## Work to complete
Only the lines from the line containing "this 1270×952 image." to the end of the entries should be repeated, exactly as they appear.

Extracted entries section start

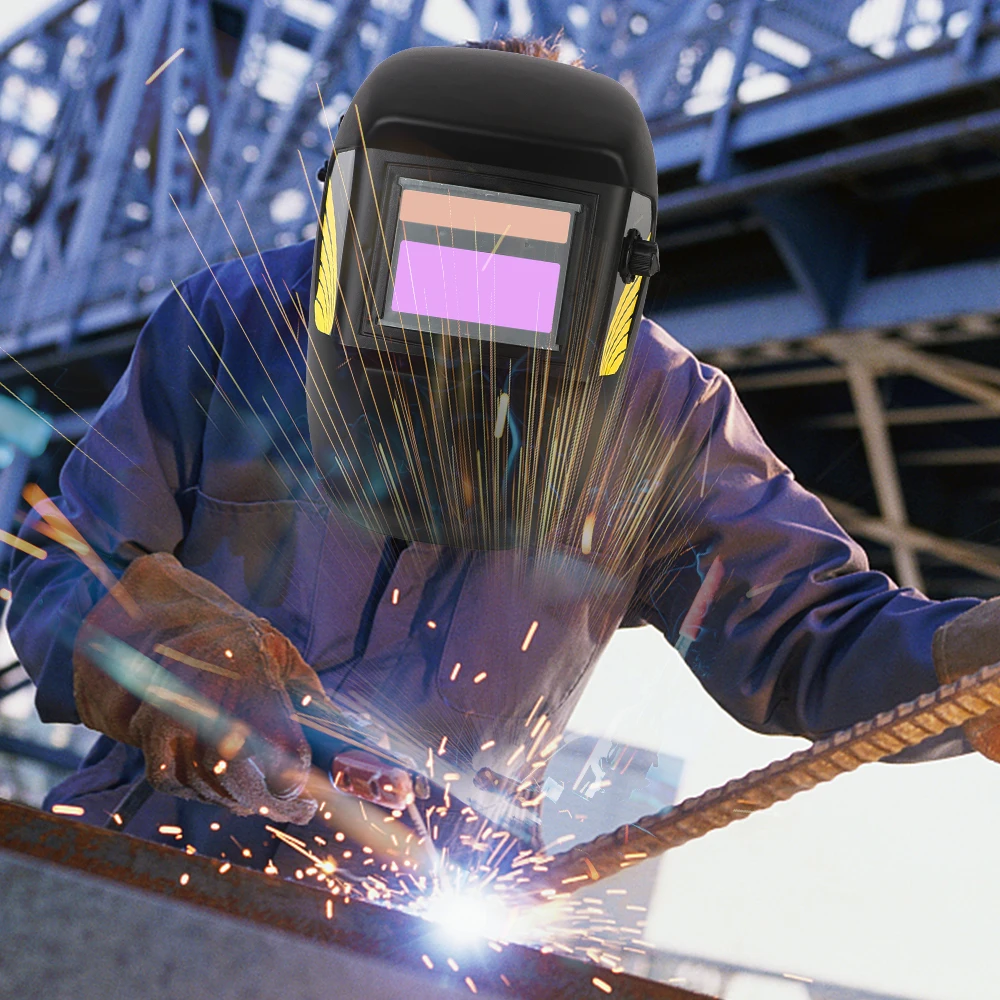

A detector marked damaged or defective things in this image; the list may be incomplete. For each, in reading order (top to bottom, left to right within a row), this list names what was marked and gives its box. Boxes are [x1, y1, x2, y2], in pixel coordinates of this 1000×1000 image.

rusty metal surface [520, 660, 1000, 896]
rusty metal surface [0, 800, 712, 1000]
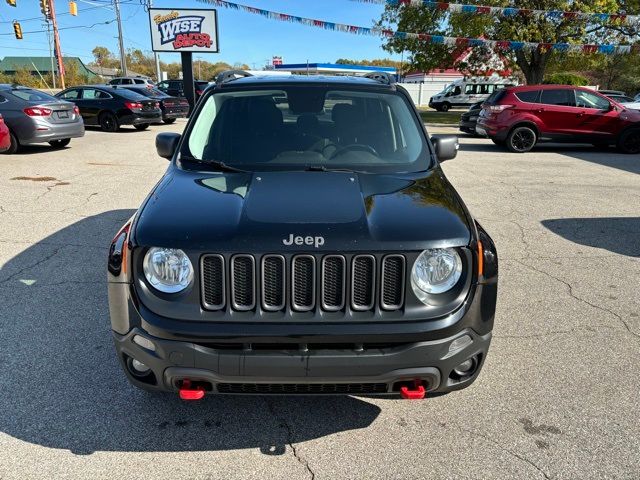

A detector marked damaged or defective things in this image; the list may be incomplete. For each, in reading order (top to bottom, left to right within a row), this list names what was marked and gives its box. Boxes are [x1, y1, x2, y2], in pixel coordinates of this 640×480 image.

cracked pavement [0, 124, 636, 480]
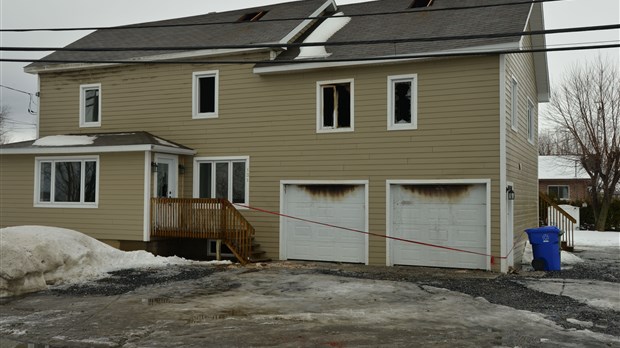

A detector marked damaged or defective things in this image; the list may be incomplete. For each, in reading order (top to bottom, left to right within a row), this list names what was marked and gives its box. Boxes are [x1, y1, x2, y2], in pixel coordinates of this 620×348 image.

burnt window frame [80, 83, 102, 128]
burnt window frame [193, 70, 219, 119]
broken window [193, 70, 219, 119]
burnt window frame [318, 79, 356, 133]
broken window [320, 80, 354, 132]
burnt window frame [388, 74, 416, 131]
broken window [388, 75, 416, 130]
burnt window frame [33, 156, 98, 209]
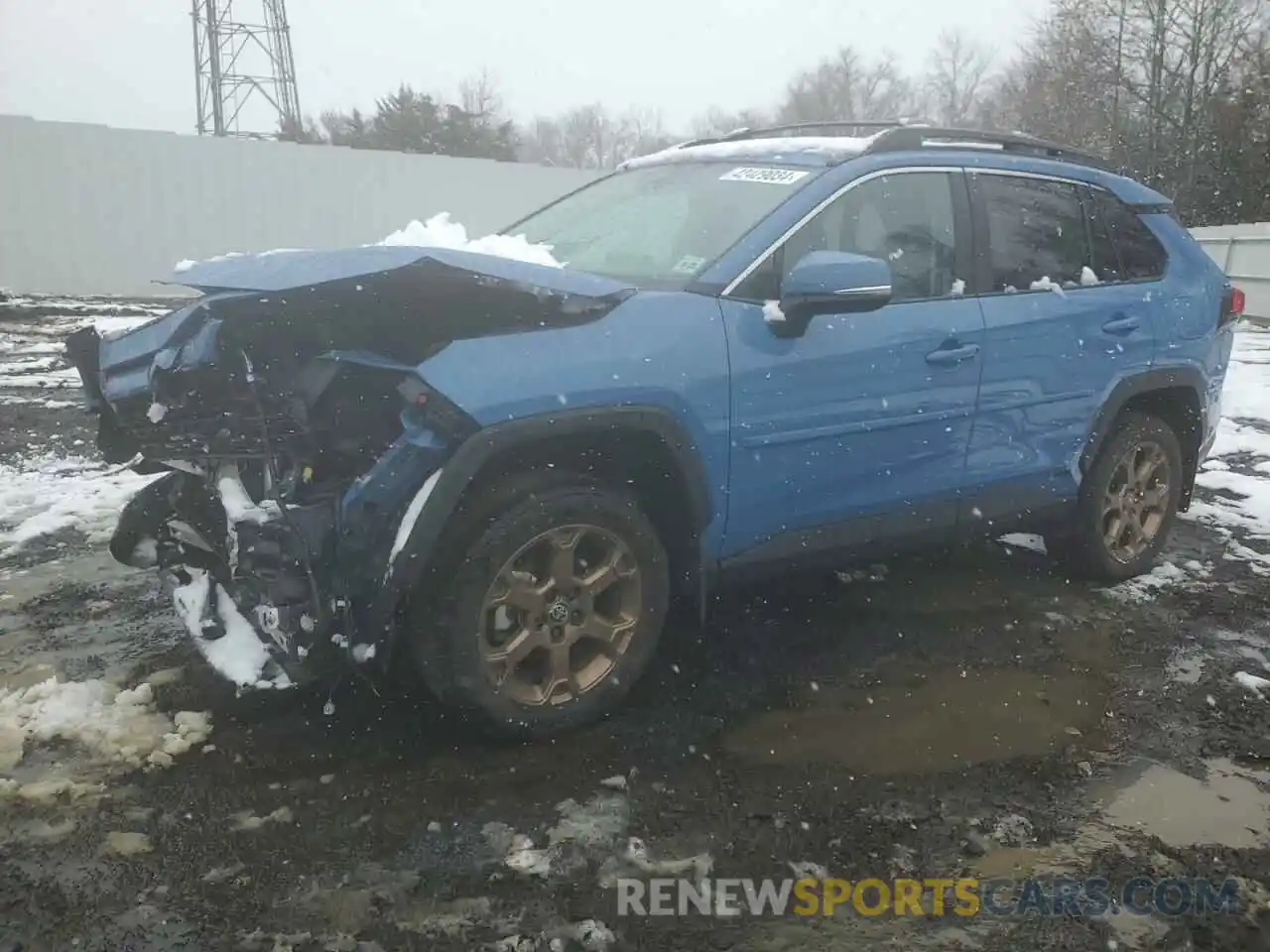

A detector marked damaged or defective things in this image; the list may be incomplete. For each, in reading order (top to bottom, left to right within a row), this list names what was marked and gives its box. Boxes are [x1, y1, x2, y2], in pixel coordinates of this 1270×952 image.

crushed front end [64, 246, 631, 690]
crumpled hood [164, 246, 635, 301]
damaged blue suv [62, 124, 1238, 738]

Extracted entries section end

## Answer area
A detector marked damaged or defective things in this image; the list may be incomplete. For each, in reading order (top to bottom, left to right within a row), this list names what was marked and gives its box. Boxes are [x1, y1, x2, y2], in pixel coordinates of this 1270×952 image.

crushed front end [64, 246, 631, 690]
crumpled hood [164, 246, 635, 301]
damaged blue suv [62, 124, 1238, 738]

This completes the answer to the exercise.